Problem to work on: Without the pictures, restate all of the data below word for word.

»»

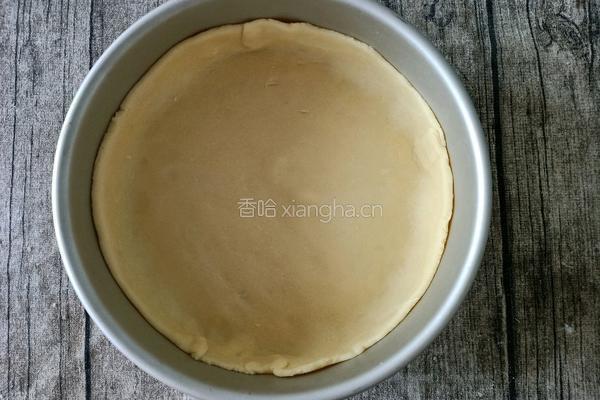 鲜奶油蜜桃派的做法图解7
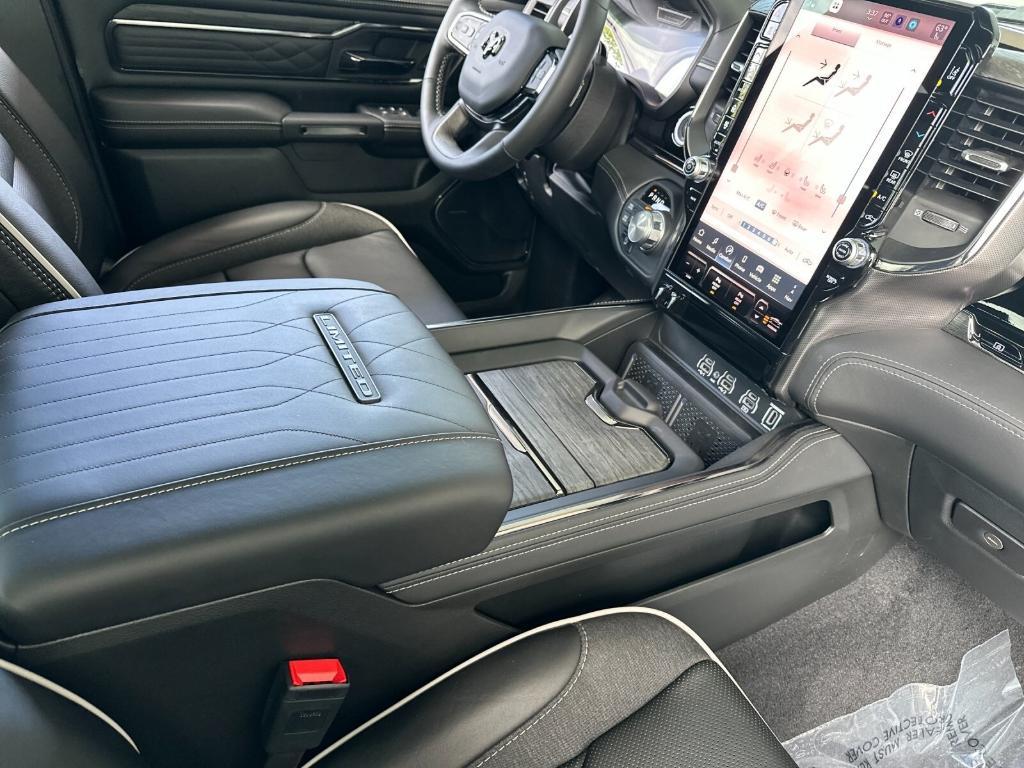 new 2025 Ram 1500 car, priced at $88,050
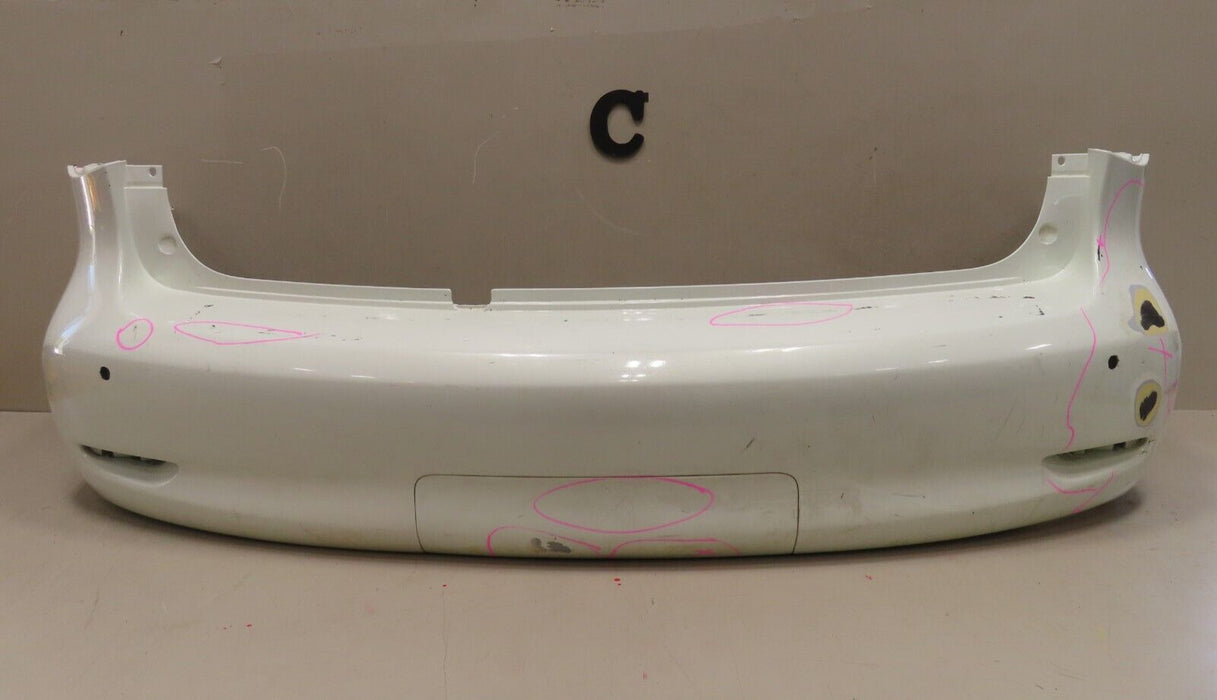 2011-2013 INFINITI QX56 BASE 4DR SUV REAR BUMPER COVER PANEL OEM 85022-1LA0H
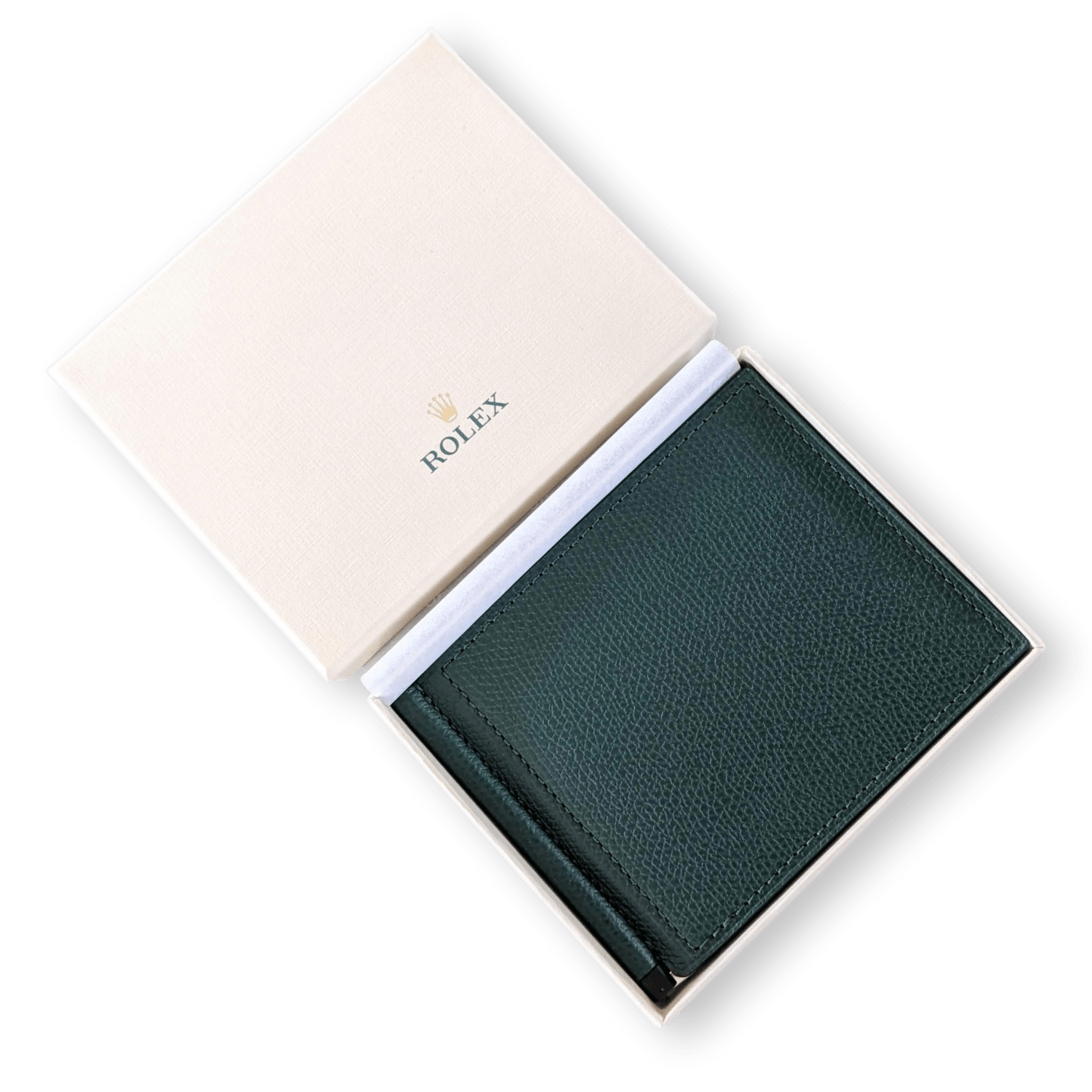 ROLEX Green Card Holder - Porte Cartes Vip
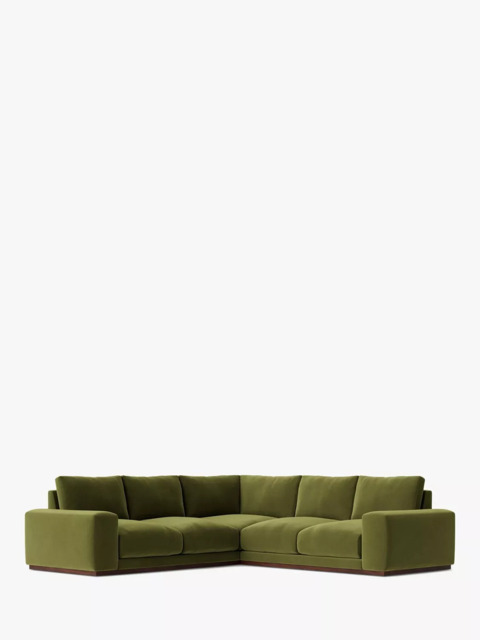 Swoon Denver Grand 5 Seater Corner Sofa - image 1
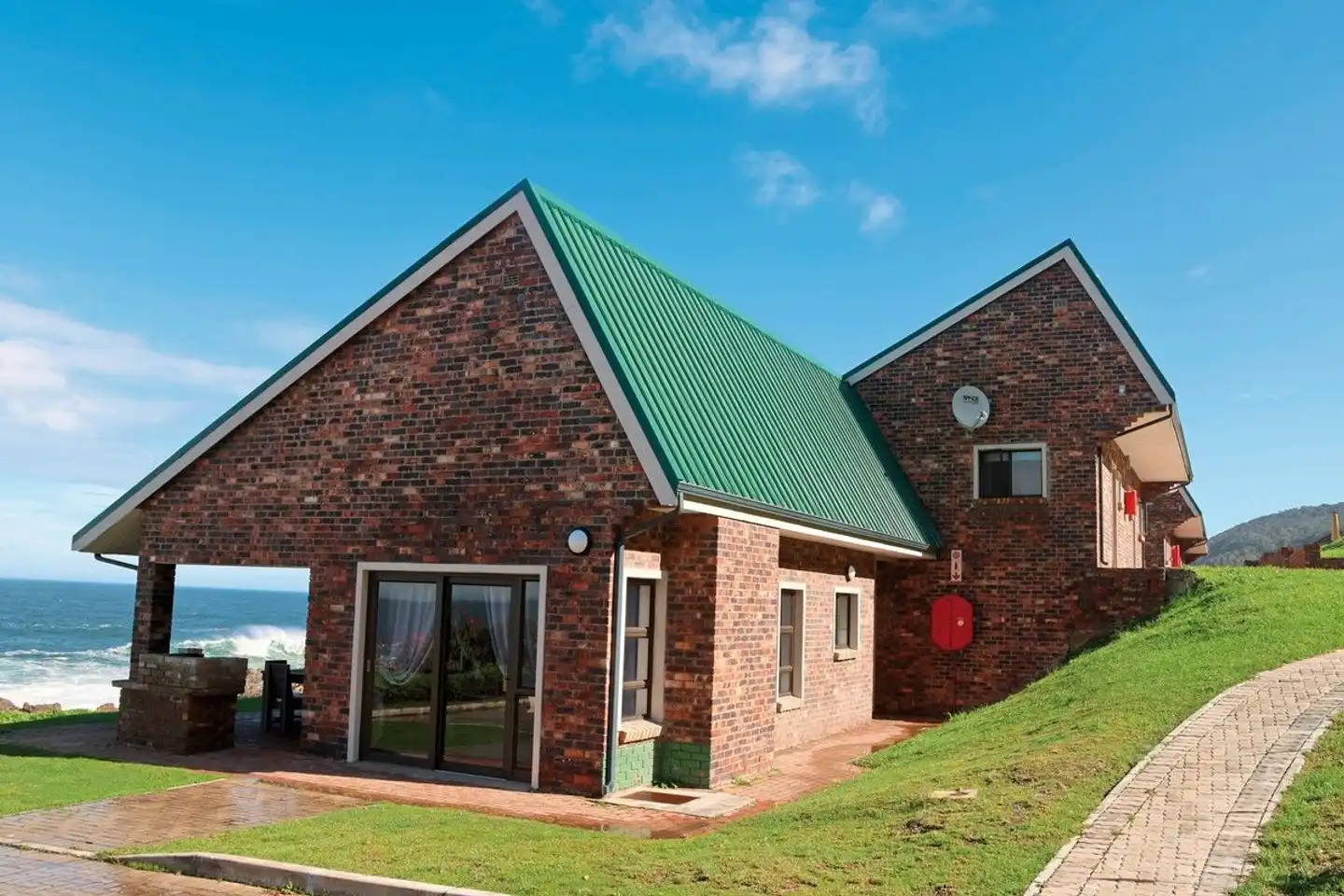 Storms River Mouth Rest Camp Aussenansicht
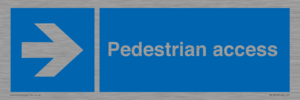 MR12818: Pedestrian access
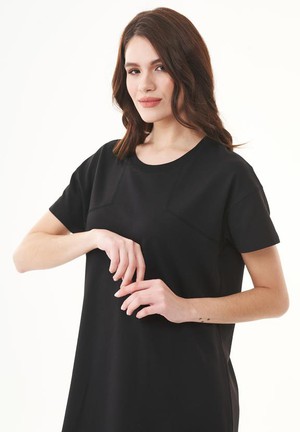 Sweat Dress Black from Shop Like You Give a Damn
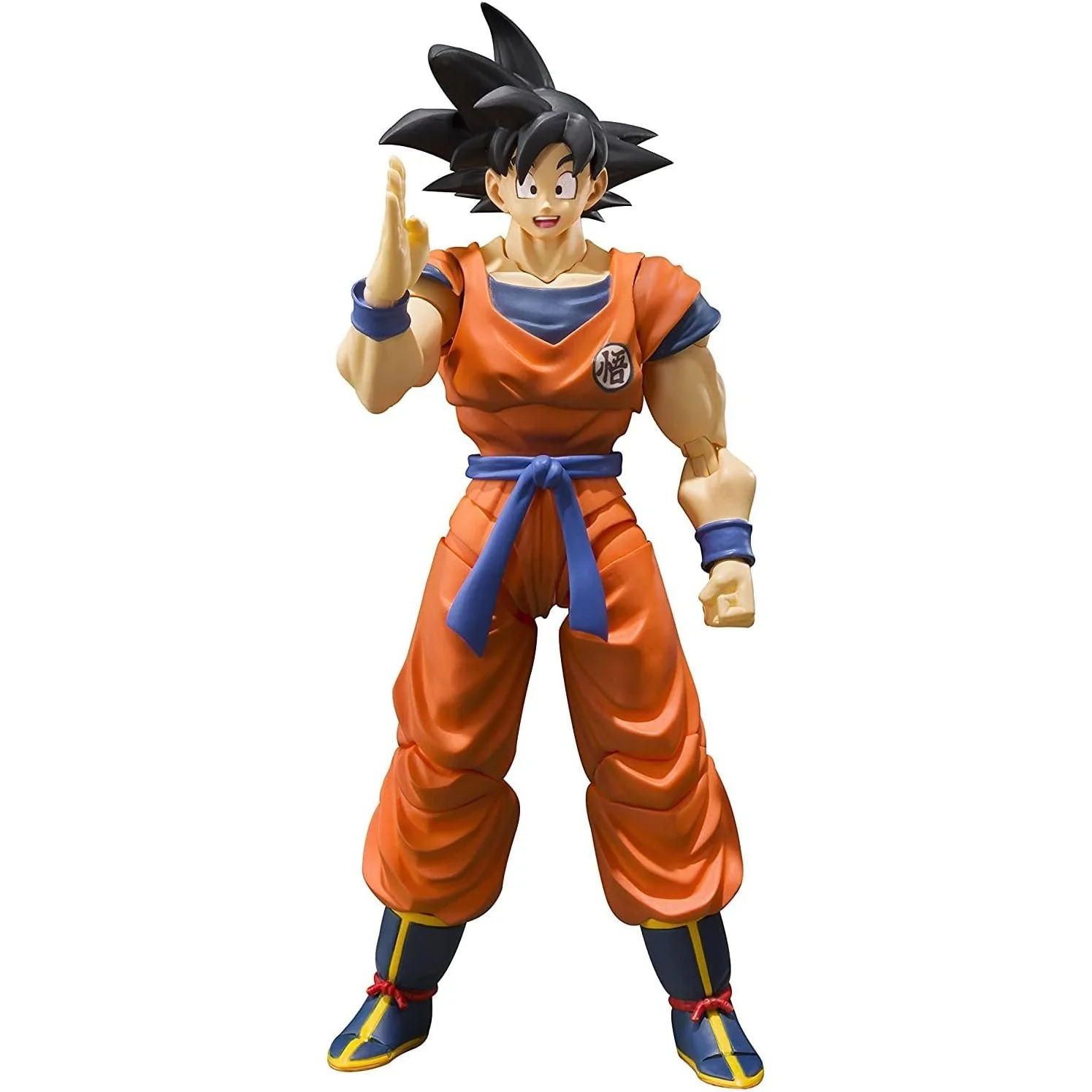 Dragon Ball Z Son Goku (A Saiyan Raised On Earth) Action Figure - Bandai Spirits - S.H.Figuarts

««

The answer:
 鲜奶油蜜桃派的做法图解7
 new 2025 Ram 1500 car, priced at $88,050
 2011-2013 INFINITI QX56 BASE 4DR SUV REAR BUMPER COVER PANEL OEM 85022-1LA0H
 ROLEX Green Card Holder - Porte Cartes Vip
 Swoon Denver Grand 5 Seater Corner Sofa - image 1
 Storms River Mouth Rest Camp Aussenansicht
 MR12818: Pedestrian access
 Sweat Dress Black from Shop Like You Give a Damn
 Dragon Ball Z Son Goku (A Saiyan Raised On Earth) Action Figure - Bandai Spirits - S.H.Figuarts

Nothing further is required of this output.